Wie die Restmüll- und die Wertstofftonne wird auch die Biotonne alle 14 Tage gelehrt, nicht zuletzt deshalb ist diese Variante auch kostenpflichtig. In den Monaten Mai bis September ist eine wöchentliche Leerung der Biotonne möglich, dieser Service kostet entsprechend mehr.

Alternatives Bringsystem ist kostenlos

Die zweite Möglichkeit ist das sogenannte Bringsystem. Dabei sammelt man die Bioabfälle zuhause in speziellen Beuteln, die wiederum in einem speziellen Transporteimer zu einem Grünabfallsammelplatz im Landkreis gebracht werden müssen.
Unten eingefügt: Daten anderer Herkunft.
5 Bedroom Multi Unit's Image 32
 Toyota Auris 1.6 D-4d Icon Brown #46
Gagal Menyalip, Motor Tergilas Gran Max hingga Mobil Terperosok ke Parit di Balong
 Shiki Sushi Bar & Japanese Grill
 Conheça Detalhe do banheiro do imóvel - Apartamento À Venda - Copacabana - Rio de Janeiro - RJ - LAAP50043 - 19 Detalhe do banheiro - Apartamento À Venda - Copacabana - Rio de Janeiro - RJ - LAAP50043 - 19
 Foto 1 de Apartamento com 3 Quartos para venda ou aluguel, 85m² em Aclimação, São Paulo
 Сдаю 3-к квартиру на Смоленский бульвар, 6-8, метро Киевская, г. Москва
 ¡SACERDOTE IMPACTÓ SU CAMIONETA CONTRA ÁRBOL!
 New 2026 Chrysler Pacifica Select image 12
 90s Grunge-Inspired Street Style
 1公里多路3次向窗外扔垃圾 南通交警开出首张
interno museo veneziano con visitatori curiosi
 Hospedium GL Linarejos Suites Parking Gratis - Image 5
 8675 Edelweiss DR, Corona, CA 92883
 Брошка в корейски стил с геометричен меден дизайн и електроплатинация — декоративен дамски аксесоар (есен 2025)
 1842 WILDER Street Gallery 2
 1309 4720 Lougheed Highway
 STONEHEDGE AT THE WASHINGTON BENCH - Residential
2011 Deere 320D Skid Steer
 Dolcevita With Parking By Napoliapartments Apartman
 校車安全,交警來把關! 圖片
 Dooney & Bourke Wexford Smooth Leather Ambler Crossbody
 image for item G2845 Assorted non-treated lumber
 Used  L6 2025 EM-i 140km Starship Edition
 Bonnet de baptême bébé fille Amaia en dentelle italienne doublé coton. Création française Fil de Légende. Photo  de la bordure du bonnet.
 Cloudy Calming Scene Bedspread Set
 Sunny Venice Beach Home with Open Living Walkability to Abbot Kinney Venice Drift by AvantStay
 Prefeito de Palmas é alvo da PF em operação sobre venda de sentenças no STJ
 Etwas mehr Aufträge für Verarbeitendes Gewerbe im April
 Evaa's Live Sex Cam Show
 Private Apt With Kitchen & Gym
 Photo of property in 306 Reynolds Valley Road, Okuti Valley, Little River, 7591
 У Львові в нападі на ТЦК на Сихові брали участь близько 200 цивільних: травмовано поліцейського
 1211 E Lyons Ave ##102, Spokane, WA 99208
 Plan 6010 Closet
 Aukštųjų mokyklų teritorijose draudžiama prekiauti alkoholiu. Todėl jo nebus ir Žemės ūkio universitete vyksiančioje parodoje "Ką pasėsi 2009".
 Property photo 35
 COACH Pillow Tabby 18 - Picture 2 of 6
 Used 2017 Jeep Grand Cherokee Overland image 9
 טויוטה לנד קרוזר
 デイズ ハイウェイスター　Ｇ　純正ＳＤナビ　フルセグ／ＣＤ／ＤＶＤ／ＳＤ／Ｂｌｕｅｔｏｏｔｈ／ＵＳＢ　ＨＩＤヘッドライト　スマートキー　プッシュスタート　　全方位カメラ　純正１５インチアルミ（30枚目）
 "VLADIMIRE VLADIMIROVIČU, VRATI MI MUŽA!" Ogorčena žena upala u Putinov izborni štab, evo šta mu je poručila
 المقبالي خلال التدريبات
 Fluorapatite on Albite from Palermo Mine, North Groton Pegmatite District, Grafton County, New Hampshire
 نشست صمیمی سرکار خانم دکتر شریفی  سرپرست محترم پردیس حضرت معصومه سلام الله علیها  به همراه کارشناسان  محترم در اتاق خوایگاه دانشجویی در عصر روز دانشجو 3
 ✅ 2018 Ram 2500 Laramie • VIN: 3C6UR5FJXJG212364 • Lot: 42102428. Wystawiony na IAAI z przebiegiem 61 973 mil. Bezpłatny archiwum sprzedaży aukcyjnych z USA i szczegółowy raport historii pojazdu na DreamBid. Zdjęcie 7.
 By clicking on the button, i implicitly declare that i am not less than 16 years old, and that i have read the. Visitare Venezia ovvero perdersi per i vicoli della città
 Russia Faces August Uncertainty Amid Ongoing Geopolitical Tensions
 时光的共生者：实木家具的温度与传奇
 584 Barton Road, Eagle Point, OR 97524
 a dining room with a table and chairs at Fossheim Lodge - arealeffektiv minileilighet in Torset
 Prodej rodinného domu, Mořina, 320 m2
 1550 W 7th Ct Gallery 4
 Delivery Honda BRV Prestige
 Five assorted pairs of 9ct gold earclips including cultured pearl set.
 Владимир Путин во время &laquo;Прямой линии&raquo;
Dort kann man zu den geltenden Annahme- und Öffnungszeiten seine Beutel in die dortigen Biotonnen werfen. Diese Variante ist kostenfrei, zudem erhält man auf dem jeweiligen Sammelplatz kostenlos neue Biobeutel.Kompostieren im eigenen Garten als Kombination

Daneben gibt es noch als dritte Variante das Kompostieren im eigenen Garten. Gerade in ländlicheren Regionen wird dies bereits jetzt in vielen Haushalten praktiziert. Zu beachten ist hierbei allerdings, dass einige bestimmte Bioabfälle wie Fleisch- und Fischreste nicht auf den heimischen Kompost gehören.

Ein Kombination mit der Biotonne oder dem Bringsystem ist möglich und wird vom Abfallwirtschaftsbetrieb des Landkreises Karlsruhe empfohlen.